(SUPPLIED MATERIAL Opens)

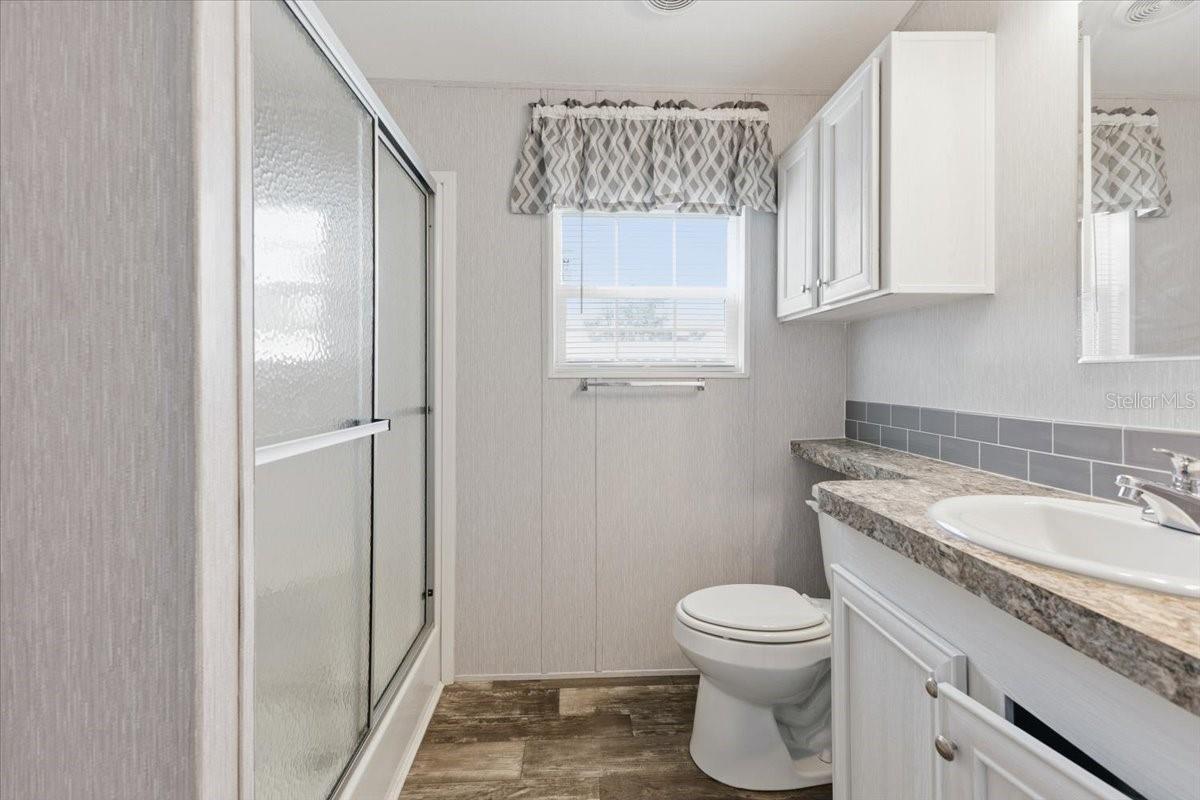 Image 17 of 34 For 1800 Englewood Road 166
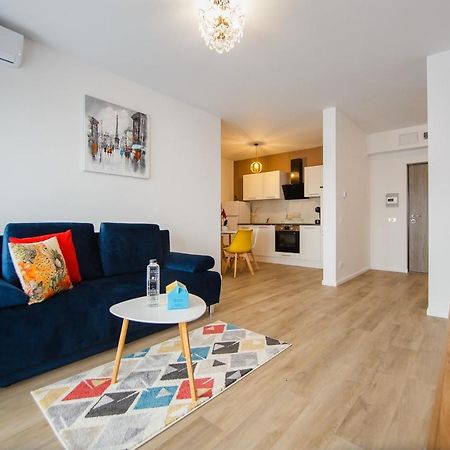 Ferienwohnung Trio Orange Oradea Exterior foto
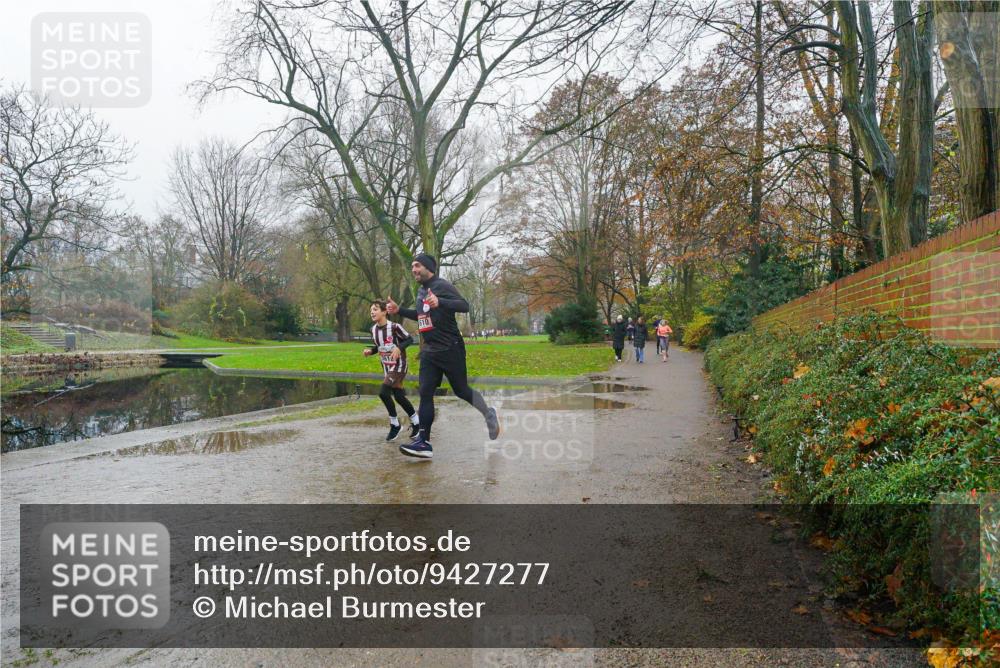 07.12.2025 - St. Pauli X-Mass-Run No. 15 Michael Burmester http://msf.ph/oto/9427277 07.12.2025 11:18:54 Laufen  meine-sportfotos.de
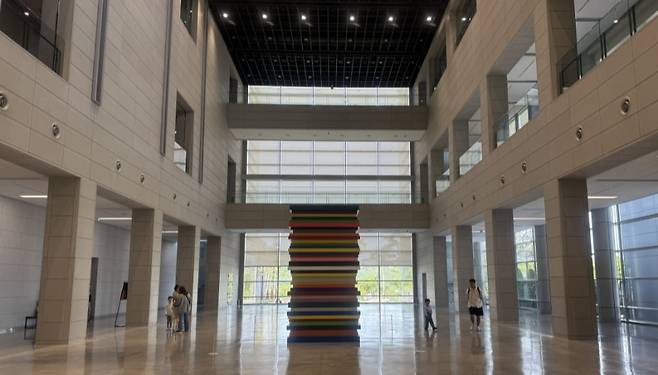 대구미술관에서 열린 《션 스컬리: 수평과 수직》의 전시 작품 <38> / 사진. © 정연진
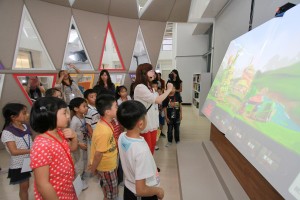 大画面を使った子供たちへの対話式読み聞かせ会の様子(提供:新北市立図書館)
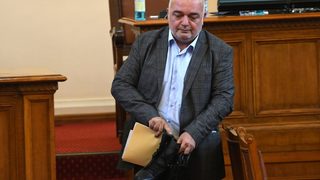 Снимка на деня: Когато цървулите се превръщат в ботуши
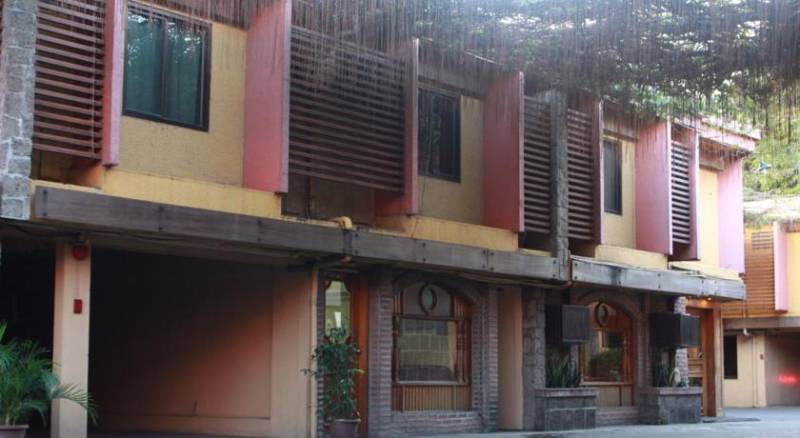 Pinoy Pamilya Hotel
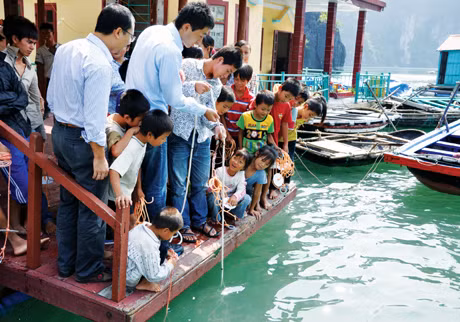 Bảo vệ môi trường Vịnh Hạ Long giờ đây không chỉ là công việc của Quảng Ninh, mà đã là mối quan tâm của nhiều tổ chức, cơ quan trong và ngoài nước. (Trong ảnh: Các chuyên gia Dự án JICA Nhật Bản đang tiến hành kiểm tra chất lượng nước biển Vịnh Hạ Long ở một làng chài).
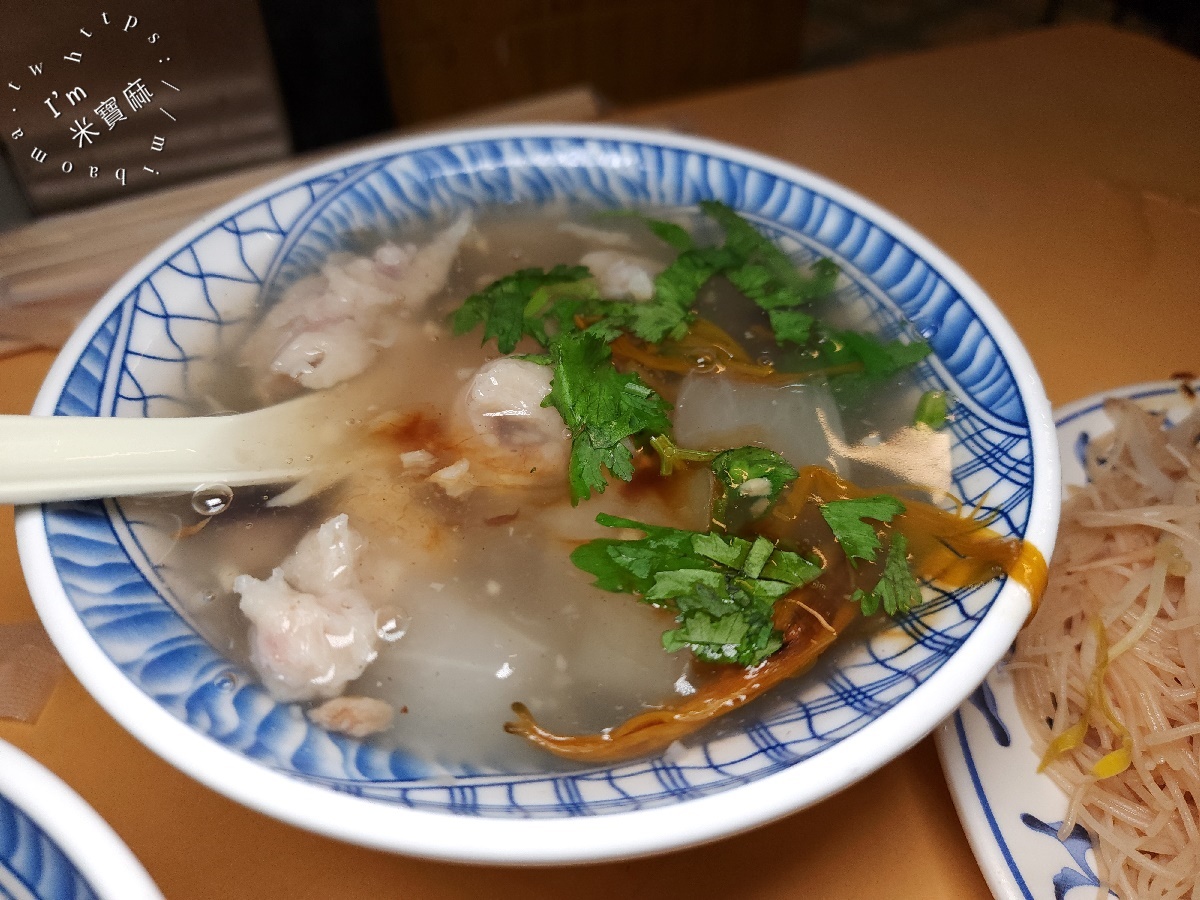 正老牌魷魚平|萬華美食,60年手作魷魚羹+米粉炒,饕客必點一組的古早味傳奇! 正老牌魷魚平|萬華美食,60年手作魷魚羹+米粉炒,饕客必點一組的古早味傳奇!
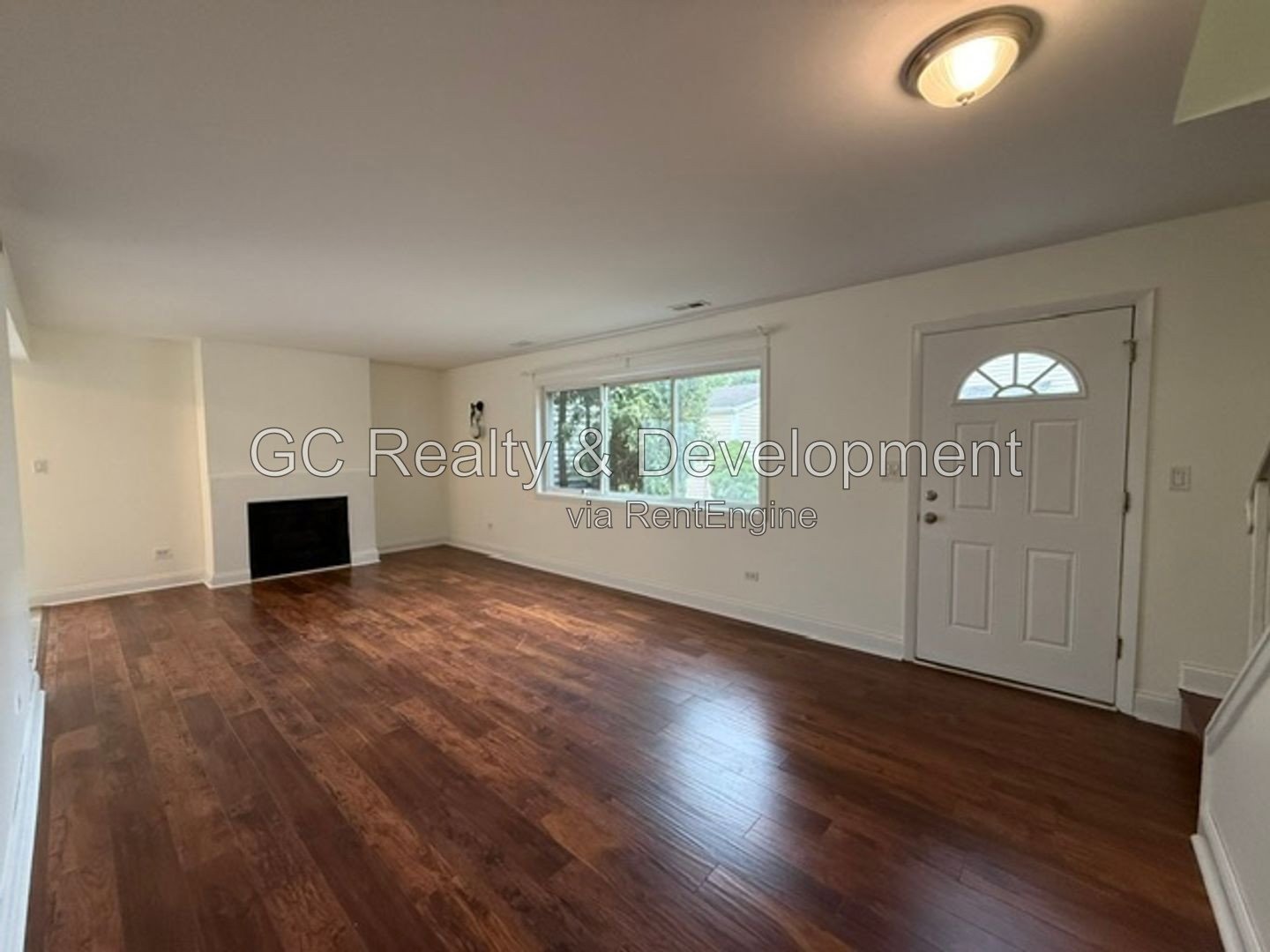 *** 2 BDRM - 1.5 BTH / PET FRIENDLY / GARAGE PARKING / IN UNIT LAUNDRY / SS APPL *** property image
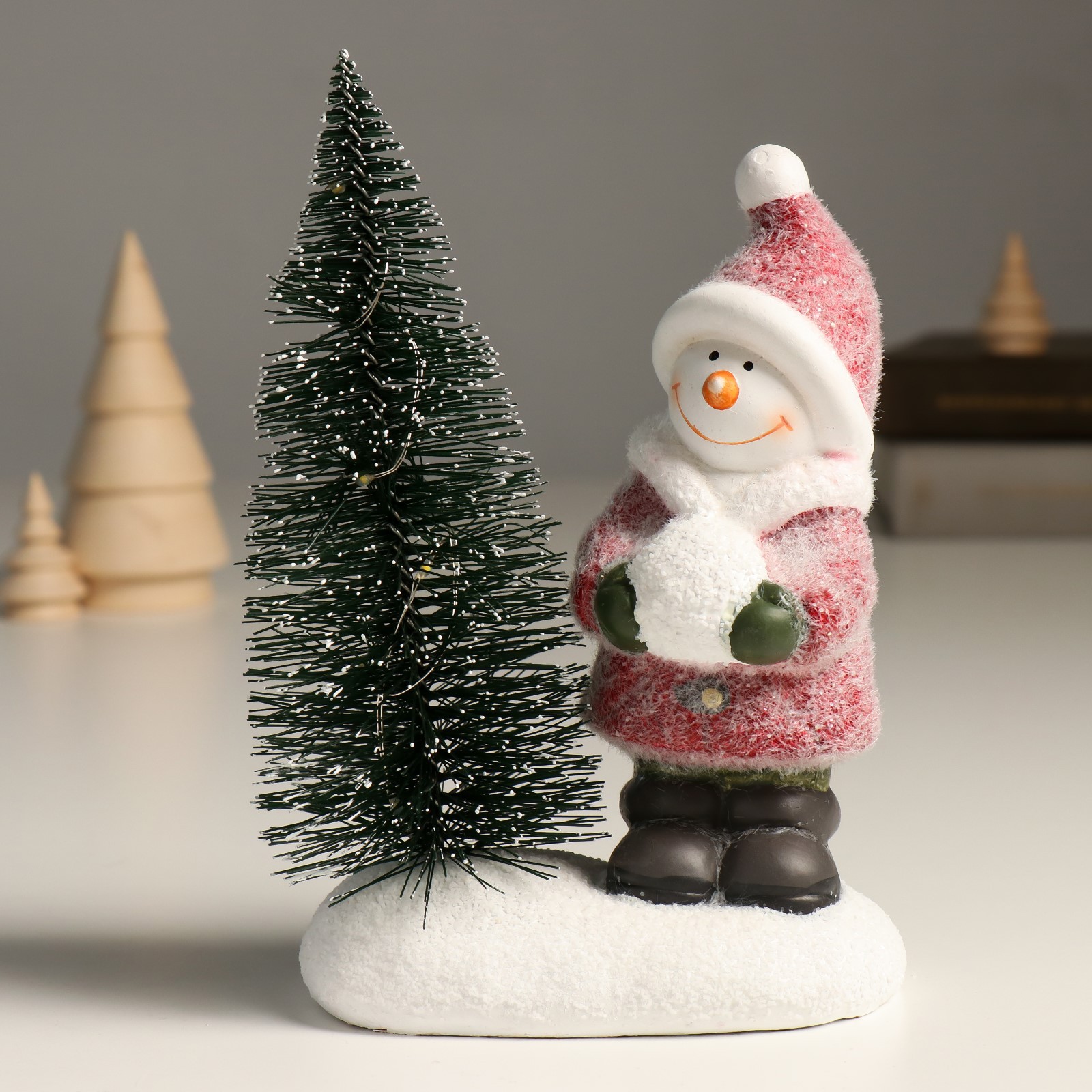 Сувенир Sima-Land керамика свет «Снеговик со снежком у ёлочки» 12х9х26 см - фото 2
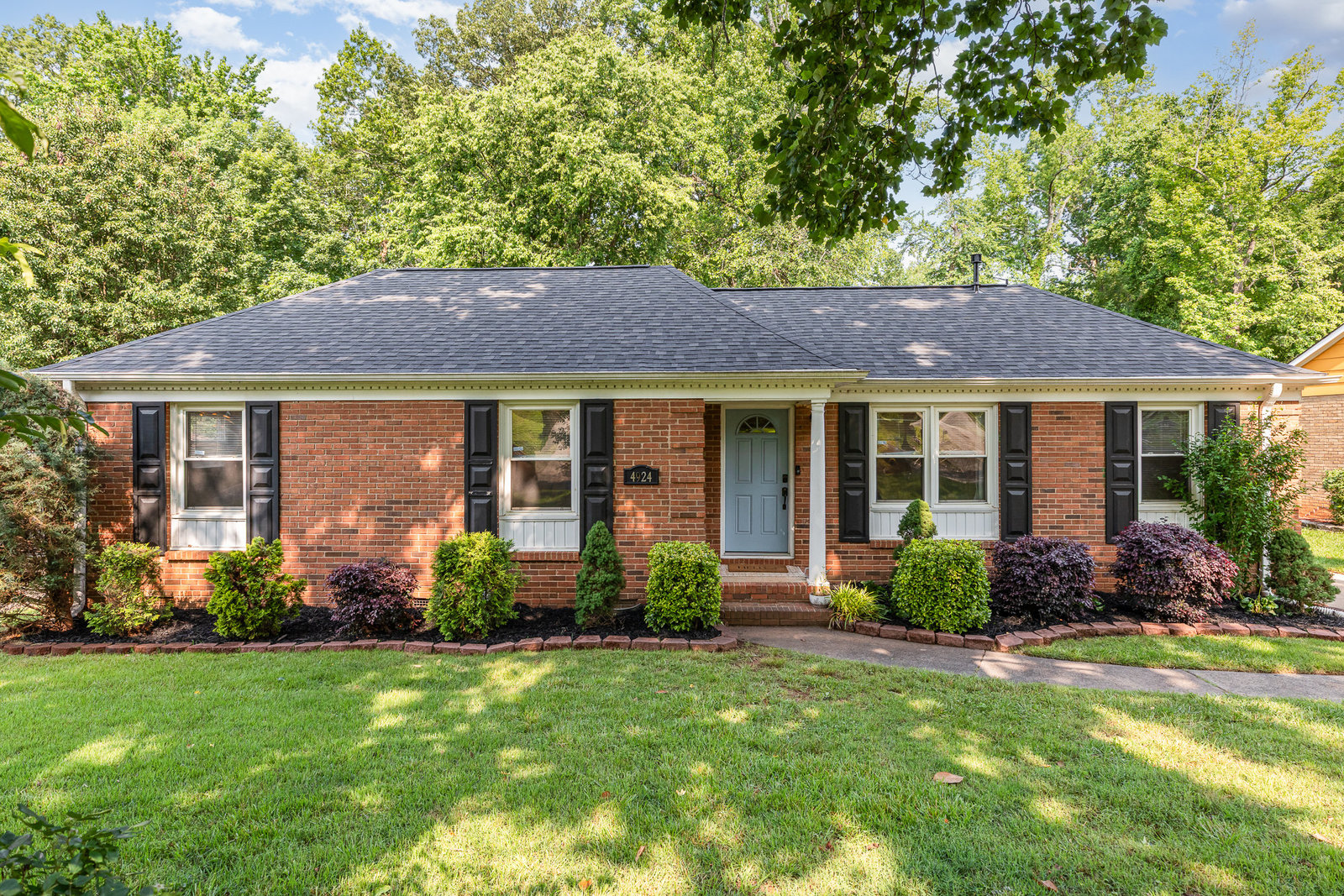 4924 Farm Pond Lane
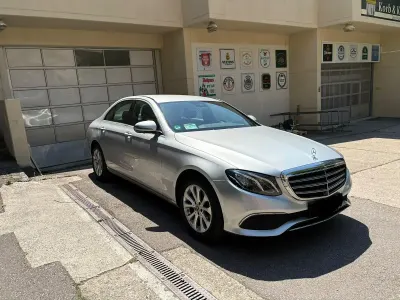 Gebraucht Mercedes E220 Avantgarde 194 PS (142 kW) 2017 Silber Limousine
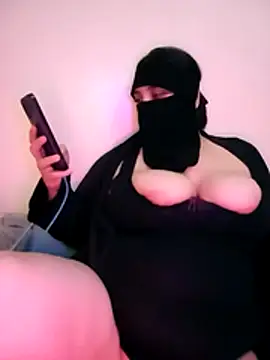 Snapshot of Meryem_sexyy chatting on 07-27-26, 01:45 Meryem sexyy online show from 07-27-26, 01:45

(SUPPLIED MATERIAL Closes)

DIRECTIONS.
Each line above should be output exactly, apart from the pictures.

RESULT BELOW.
 Image 17 of 34 For 1800 Englewood Road 166
 Ferienwohnung Trio Orange Oradea Exterior foto
 07.12.2025 - St. Pauli X-Mass-Run No. 15 Michael Burmester http://msf.ph/oto/9427277 07.12.2025 11:18:54 Laufen  meine-sportfotos.de
 대구미술관에서 열린 《션 스컬리: 수평과 수직》의 전시 작품 <38> / 사진. © 정연진
 大画面を使った子供たちへの対話式読み聞かせ会の様子(提供:新北市立図書館)
 Снимка на деня: Когато цървулите се превръщат в ботуши
 Pinoy Pamilya Hotel
 Bảo vệ môi trường Vịnh Hạ Long giờ đây không chỉ là công việc của Quảng Ninh, mà đã là mối quan tâm của nhiều tổ chức, cơ quan trong và ngoài nước. (Trong ảnh: Các chuyên gia Dự án JICA Nhật Bản đang tiến hành kiểm tra chất lượng nước biển Vịnh Hạ Long ở một làng chài).
 正老牌魷魚平|萬華美食,60年手作魷魚羹+米粉炒,饕客必點一組的古早味傳奇! 正老牌魷魚平|萬華美食,60年手作魷魚羹+米粉炒,饕客必點一組的古早味傳奇!
 *** 2 BDRM - 1.5 BTH / PET FRIENDLY / GARAGE PARKING / IN UNIT LAUNDRY / SS APPL *** property image
 Сувенир Sima-Land керамика свет «Снеговик со снежком у ёлочки» 12х9х26 см - фото 2
 4924 Farm Pond Lane
 Gebraucht Mercedes E220 Avantgarde 194 PS (142 kW) 2017 Silber Limousine
 Snapshot of Meryem_sexyy chatting on 07-27-26, 01:45 Meryem sexyy online show from 07-27-26, 01:45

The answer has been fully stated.